• _Task_
Output the entire listing that follows verbatim.

• _Data to process_
□ □ □ □
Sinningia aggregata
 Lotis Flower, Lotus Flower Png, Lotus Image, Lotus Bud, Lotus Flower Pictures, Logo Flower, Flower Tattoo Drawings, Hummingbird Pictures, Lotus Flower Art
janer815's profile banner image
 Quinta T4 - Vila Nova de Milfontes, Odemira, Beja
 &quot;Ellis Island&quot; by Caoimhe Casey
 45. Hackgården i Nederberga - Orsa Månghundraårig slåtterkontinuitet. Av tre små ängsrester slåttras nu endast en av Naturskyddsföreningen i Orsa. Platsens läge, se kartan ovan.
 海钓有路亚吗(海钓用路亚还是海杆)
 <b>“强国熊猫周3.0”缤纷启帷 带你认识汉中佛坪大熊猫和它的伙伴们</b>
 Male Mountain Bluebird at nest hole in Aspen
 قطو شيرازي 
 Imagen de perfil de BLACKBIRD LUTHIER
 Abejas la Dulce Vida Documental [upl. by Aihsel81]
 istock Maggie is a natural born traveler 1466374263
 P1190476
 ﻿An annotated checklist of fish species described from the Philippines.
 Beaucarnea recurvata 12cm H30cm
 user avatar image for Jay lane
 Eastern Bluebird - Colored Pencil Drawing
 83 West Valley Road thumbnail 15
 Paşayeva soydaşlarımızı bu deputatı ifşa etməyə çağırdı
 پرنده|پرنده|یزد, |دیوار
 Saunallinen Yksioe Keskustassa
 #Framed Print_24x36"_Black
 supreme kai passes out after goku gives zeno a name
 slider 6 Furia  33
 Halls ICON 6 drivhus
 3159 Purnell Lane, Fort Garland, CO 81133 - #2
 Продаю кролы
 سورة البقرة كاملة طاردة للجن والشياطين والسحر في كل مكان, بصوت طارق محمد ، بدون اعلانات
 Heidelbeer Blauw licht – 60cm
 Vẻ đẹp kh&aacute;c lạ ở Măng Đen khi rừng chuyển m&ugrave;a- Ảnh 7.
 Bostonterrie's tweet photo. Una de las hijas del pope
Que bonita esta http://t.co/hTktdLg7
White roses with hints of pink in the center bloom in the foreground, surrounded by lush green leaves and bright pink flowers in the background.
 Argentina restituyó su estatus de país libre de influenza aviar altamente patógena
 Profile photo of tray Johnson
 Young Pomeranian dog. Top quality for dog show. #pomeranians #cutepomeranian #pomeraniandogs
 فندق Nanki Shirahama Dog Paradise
□ □ □ □
• _Task answer_
Sinningia aggregata
 Lotis Flower, Lotus Flower Png, Lotus Image, Lotus Bud, Lotus Flower Pictures, Logo Flower, Flower Tattoo Drawings, Hummingbird Pictures, Lotus Flower Art
janer815's profile banner image
 Quinta T4 - Vila Nova de Milfontes, Odemira, Beja
 &quot;Ellis Island&quot; by Caoimhe Casey
 45. Hackgården i Nederberga - Orsa Månghundraårig slåtterkontinuitet. Av tre små ängsrester slåttras nu endast en av Naturskyddsföreningen i Orsa. Platsens läge, se kartan ovan.
 海钓有路亚吗(海钓用路亚还是海杆)
 <b>“强国熊猫周3.0”缤纷启帷 带你认识汉中佛坪大熊猫和它的伙伴们</b>
 Male Mountain Bluebird at nest hole in Aspen
 قطو شيرازي 
 Imagen de perfil de BLACKBIRD LUTHIER
 Abejas la Dulce Vida Documental [upl. by Aihsel81]
 istock Maggie is a natural born traveler 1466374263
 P1190476
 ﻿An annotated checklist of fish species described from the Philippines.
 Beaucarnea recurvata 12cm H30cm
 user avatar image for Jay lane
 Eastern Bluebird - Colored Pencil Drawing
 83 West Valley Road thumbnail 15
 Paşayeva soydaşlarımızı bu deputatı ifşa etməyə çağırdı
 پرنده|پرنده|یزد, |دیوار
 Saunallinen Yksioe Keskustassa
 #Framed Print_24x36"_Black
 supreme kai passes out after goku gives zeno a name
 slider 6 Furia  33
 Halls ICON 6 drivhus
 3159 Purnell Lane, Fort Garland, CO 81133 - #2
 Продаю кролы
 سورة البقرة كاملة طاردة للجن والشياطين والسحر في كل مكان, بصوت طارق محمد ، بدون اعلانات
 Heidelbeer Blauw licht – 60cm
 Vẻ đẹp kh&aacute;c lạ ở Măng Đen khi rừng chuyển m&ugrave;a- Ảnh 7.
 Bostonterrie's tweet photo. Una de las hijas del pope
Que bonita esta http://t.co/hTktdLg7
White roses with hints of pink in the center bloom in the foreground, surrounded by lush green leaves and bright pink flowers in the background.
 Argentina restituyó su estatus de país libre de influenza aviar altamente patógena
 Profile photo of tray Johnson
 Young Pomeranian dog. Top quality for dog show. #pomeranians #cutepomeranian #pomeraniandogs
 فندق Nanki Shirahama Dog Paradise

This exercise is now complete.